» Task objective
Can you write out every line from the start of the records below through the line containing "OGGI Ice Cube", leaving out any pictures?

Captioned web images
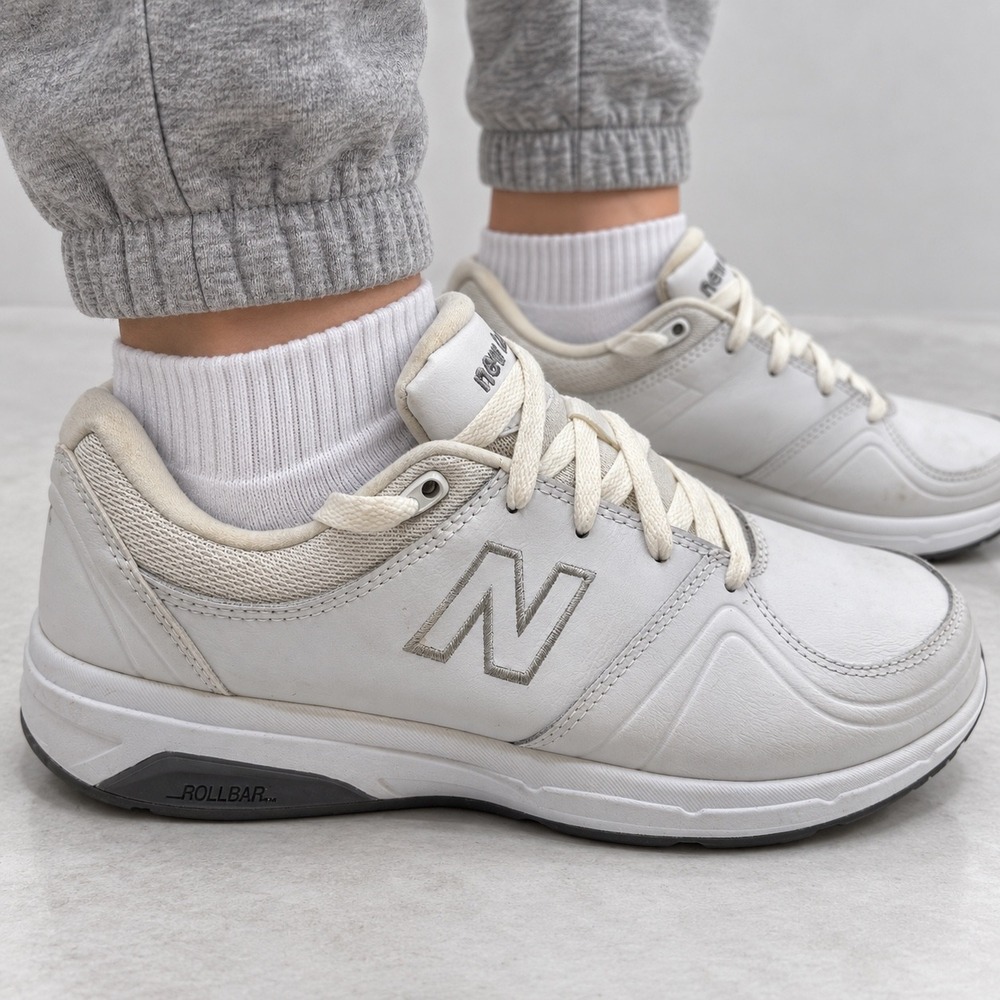 New Balance 7.5 813 Walking Shoes Womens White Leather Extra Wide 4E WW813WT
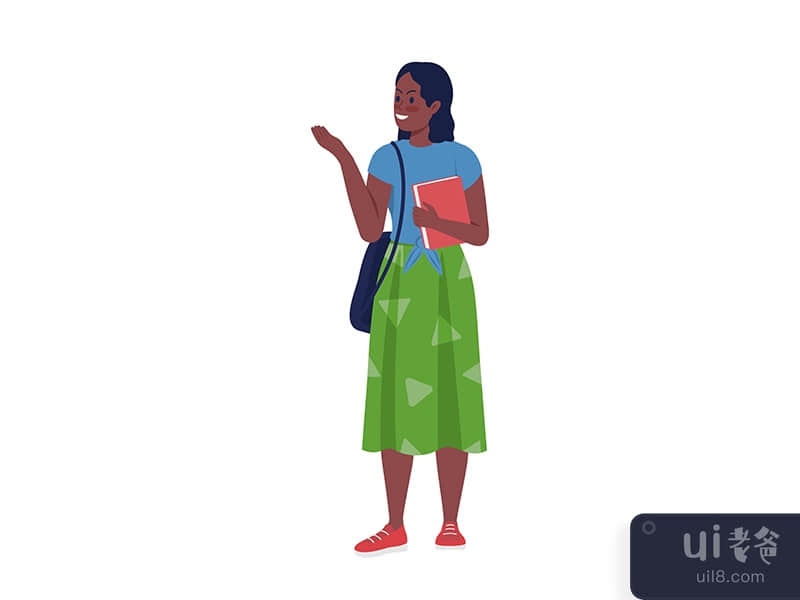 Carefree female college student semi flat color vector character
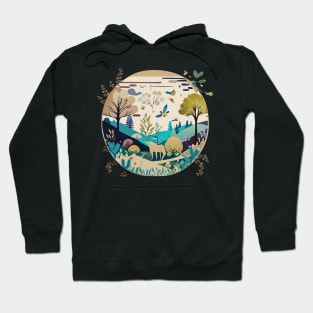 a nature-inspired t-shirt design featuring serene landscapes and wildlife. Utilize a soft color palette and intricate details to capture the beauty of the outdoors, tipseason Hoodie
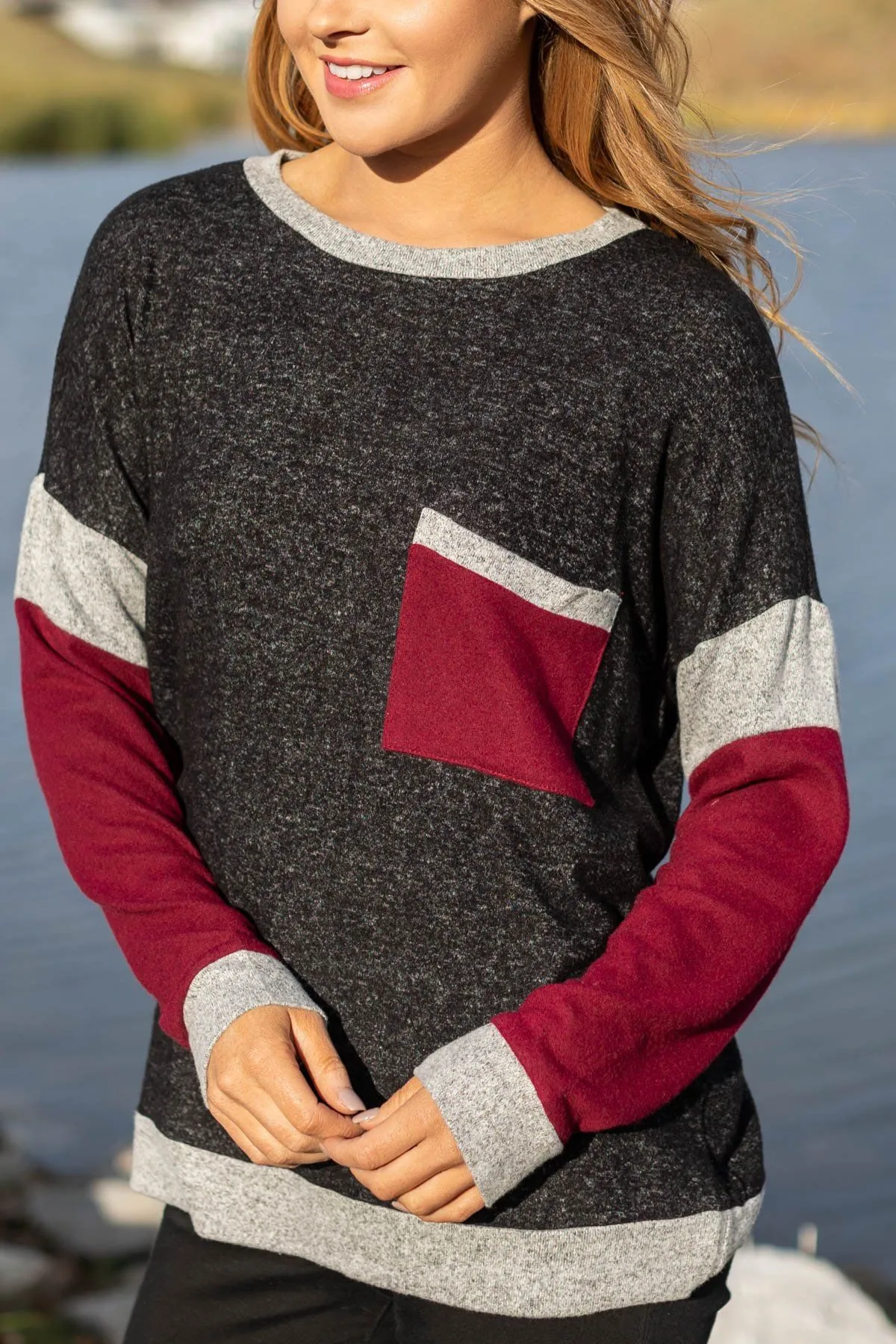 Charcoal and Burgundy Colorblock Top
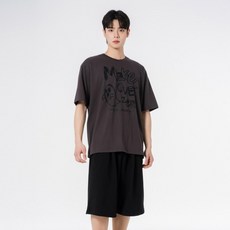 모즈모즈 고스트드로잉 반팔 + 더블코튼 와이드 원턱 반바지 세트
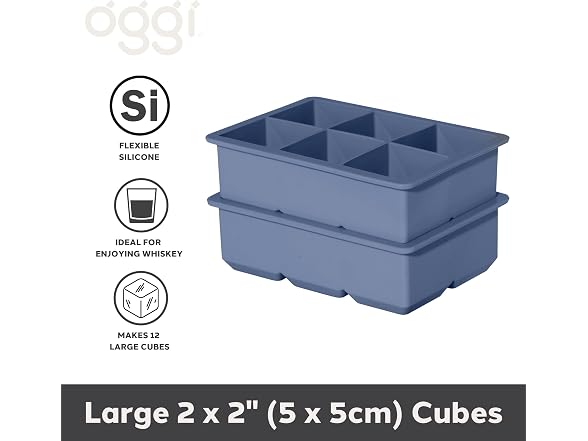 OGGI Ice Cube Tray, Pack of 2  Blue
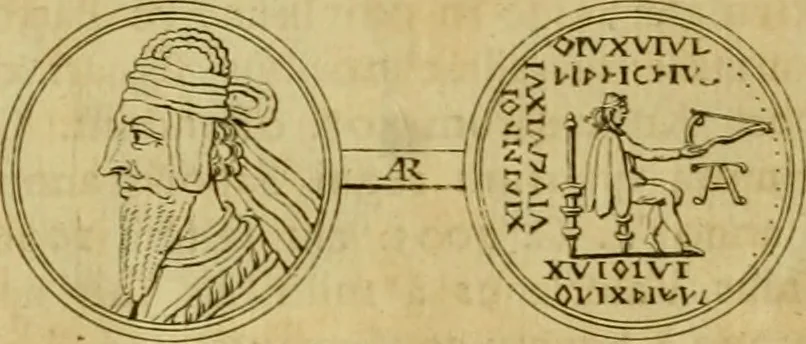 An illustration from Arsacidarum imperium, sive, Regum Parthorum historia : ad fidem numismatum accommodata, 1725, leaf 487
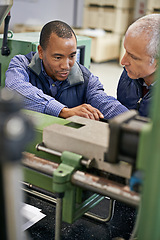 Image showing Factory, machine and coworkers in work talking, maintenance for industrial safety and diversity employees together. Mechanical engineering, production monitoring system or inspection in warehouse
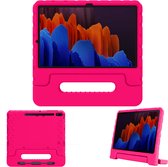 iMoshion Tablet Hoes Kinderen Geschikt voor Samsung Galaxy Tab S8 Plus / Tab S7 Plus / Tab S7 FE - iMoshion Kidsproof Backcover met handvat - Roze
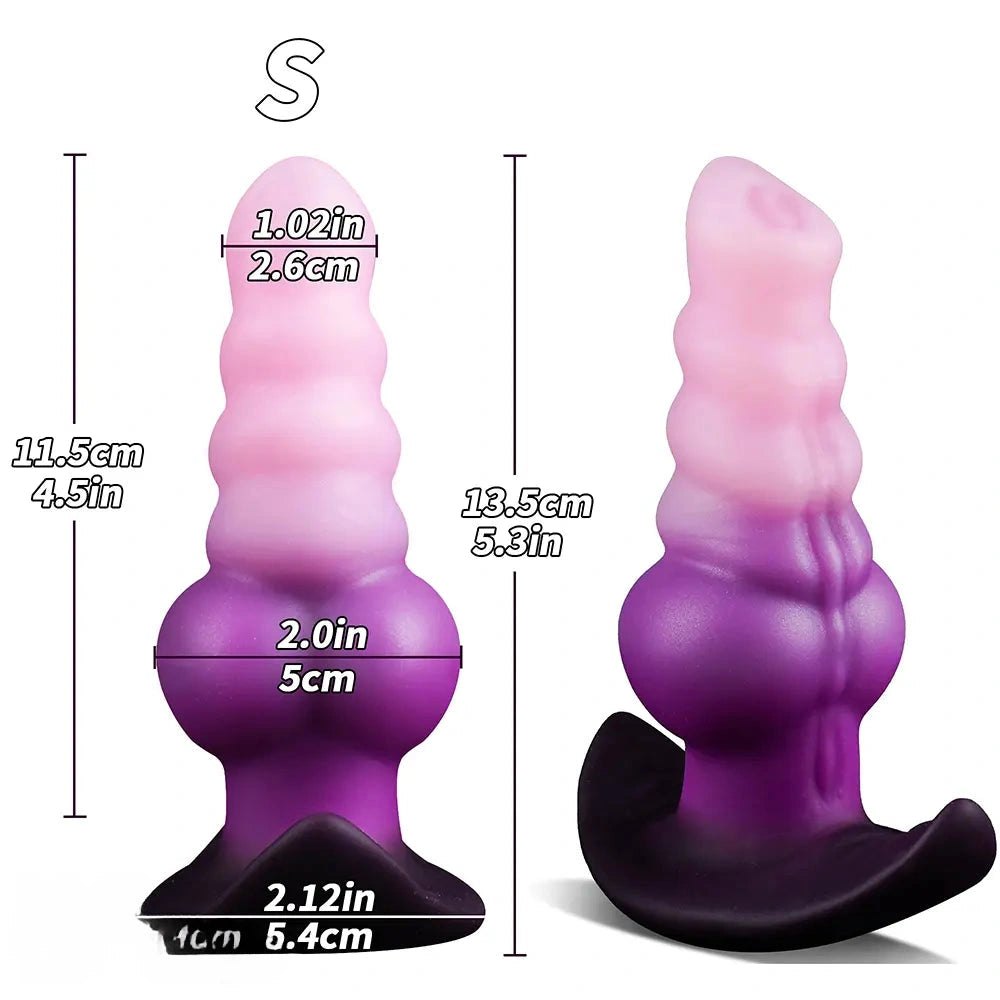 Ombre pink purple ridged fantasy dildo, photo 7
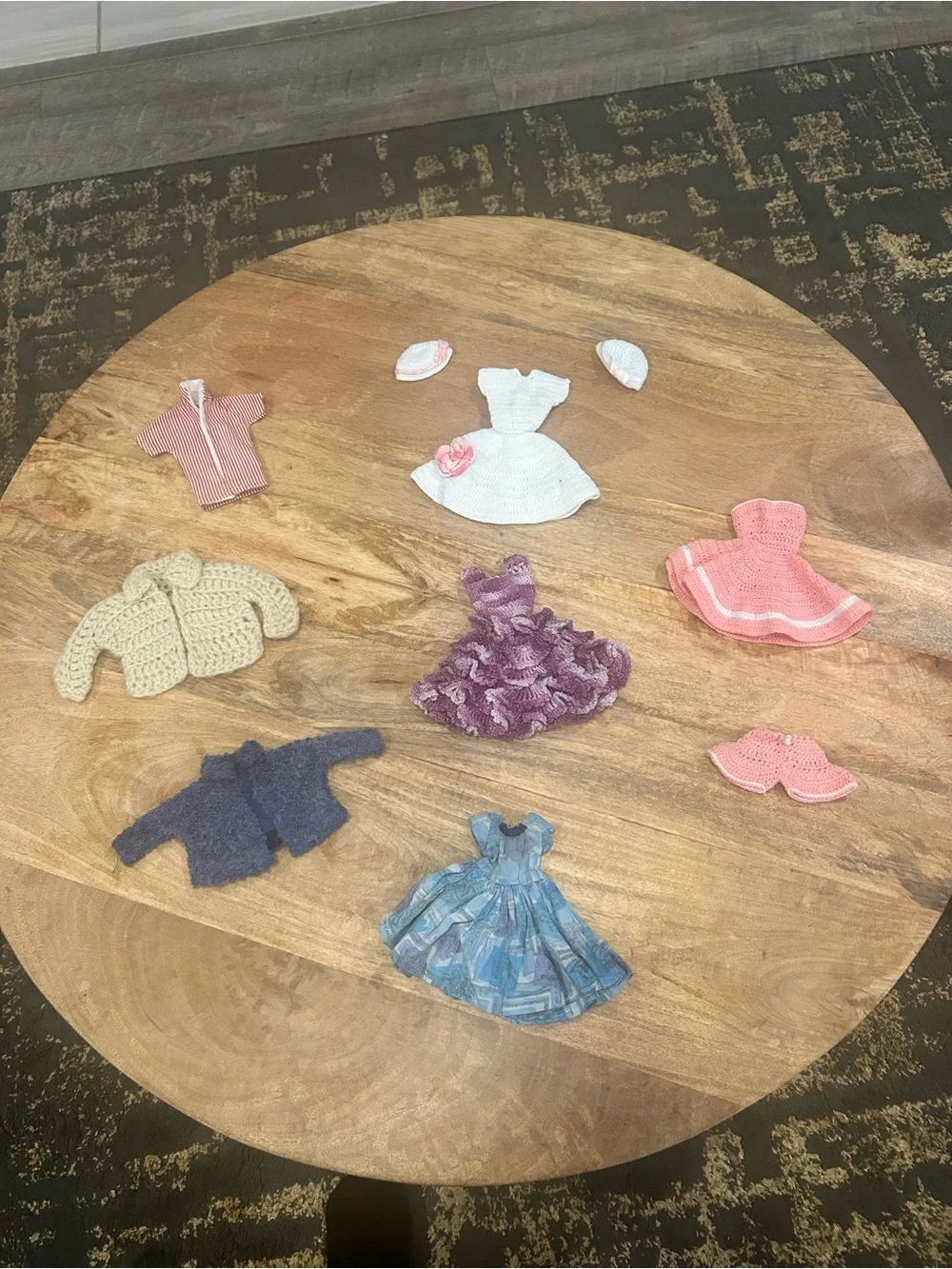 Vintage Handmade Doll Clothes Lot Crochet Knit Dresses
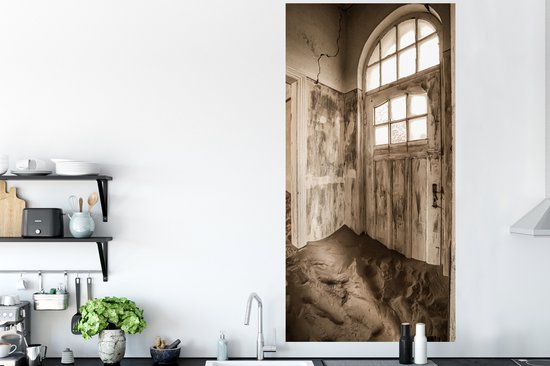 Stickers muraux - Sticker Foil - Maison - Sable - Porte - Architecture - 80x160 cm - Film Adhésif - Stickers muraux Chambre Enfant - Papier Peint Auto Adhésif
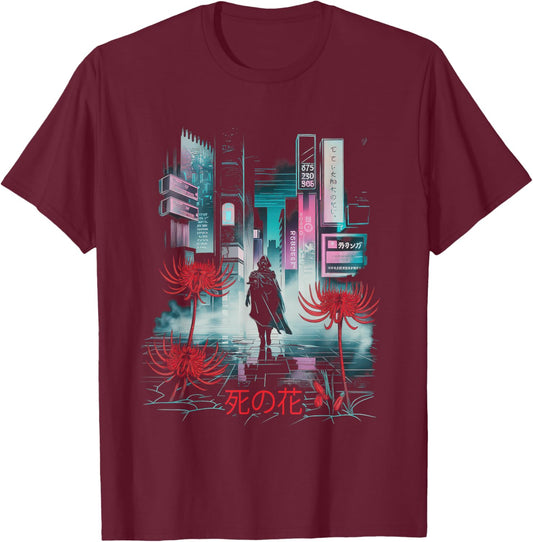 Japanese Spider Lily Anime Aesthetic Flower Higanbana T-Shirt - T-Shirt | Maroon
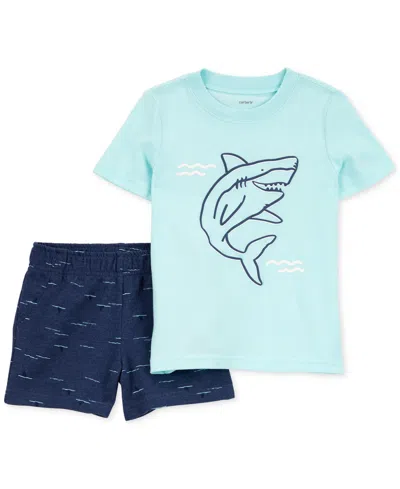Carter's Babies' Toddler Boys Shark T-shirt & Shorts, 2 Piece Set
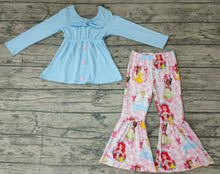 Load image into Gallery viewer, Baby girls fall princess blue top bow bell pants sets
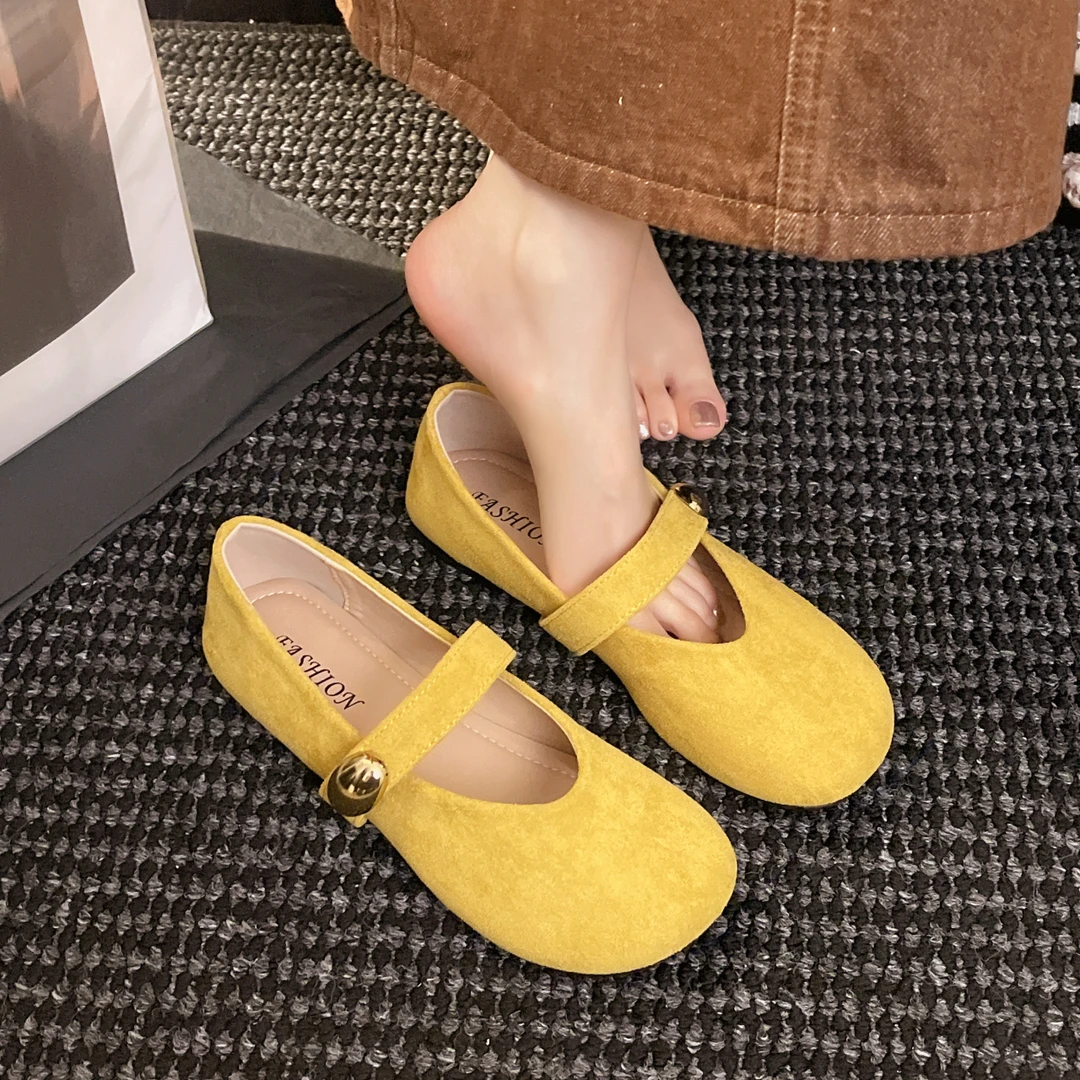 复古玛丽珍鞋女2025年春夏季新款浅口法式单鞋配裙子一字带奶奶鞋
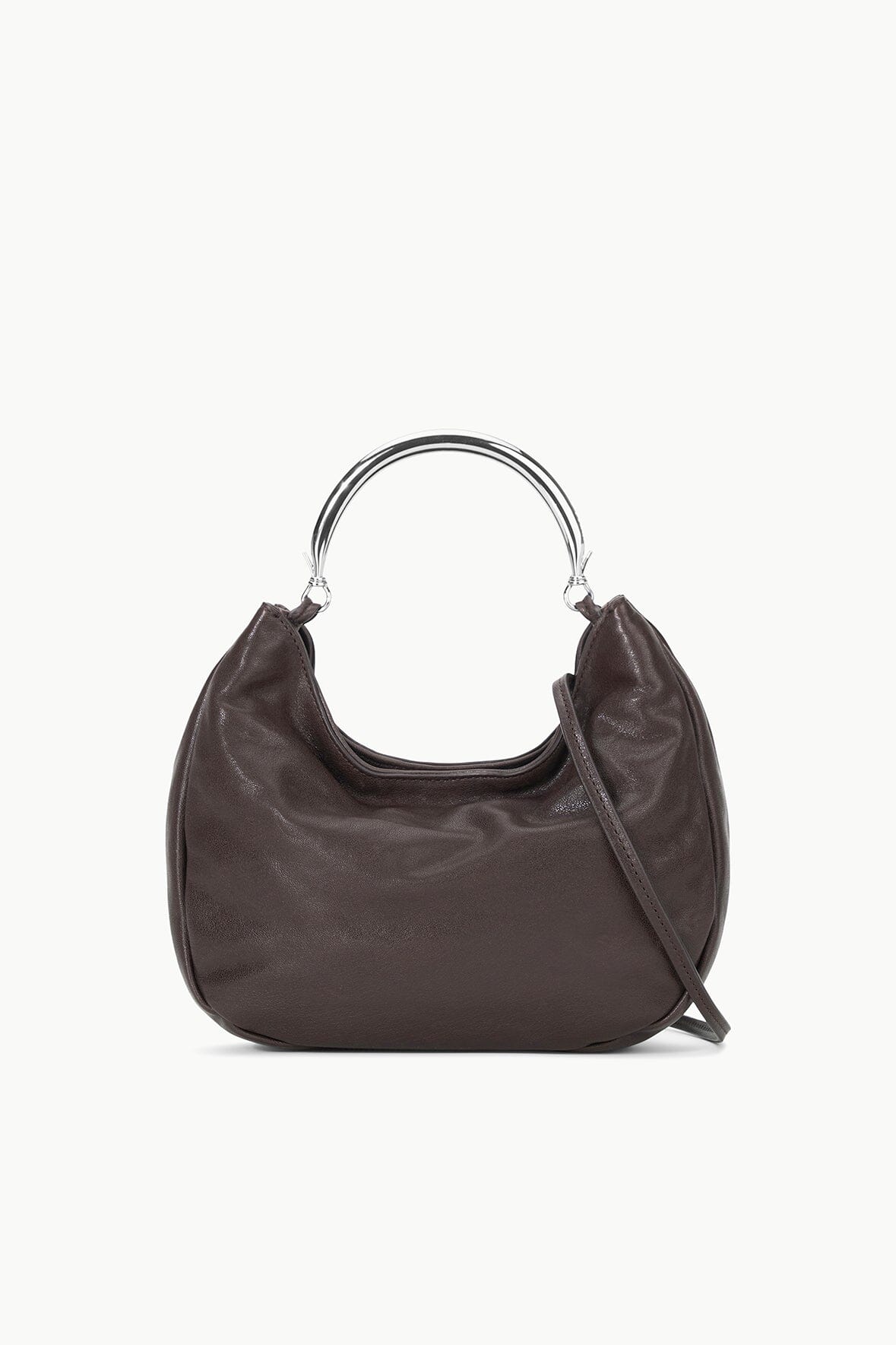 Chic Soft Leather Handbag with Removable Shoulder Strap | Romeo Espresso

» Response to this exercise
 New Balance 7.5 813 Walking Shoes Womens White Leather Extra Wide 4E WW813WT
 Carefree female college student semi flat color vector character
 a nature-inspired t-shirt design featuring serene landscapes and wildlife. Utilize a soft color palette and intricate details to capture the beauty of the outdoors, tipseason Hoodie
 Charcoal and Burgundy Colorblock Top
 모즈모즈 고스트드로잉 반팔 + 더블코튼 와이드 원턱 반바지 세트
 OGGI Ice Cube Tray, Pack of 2  Blue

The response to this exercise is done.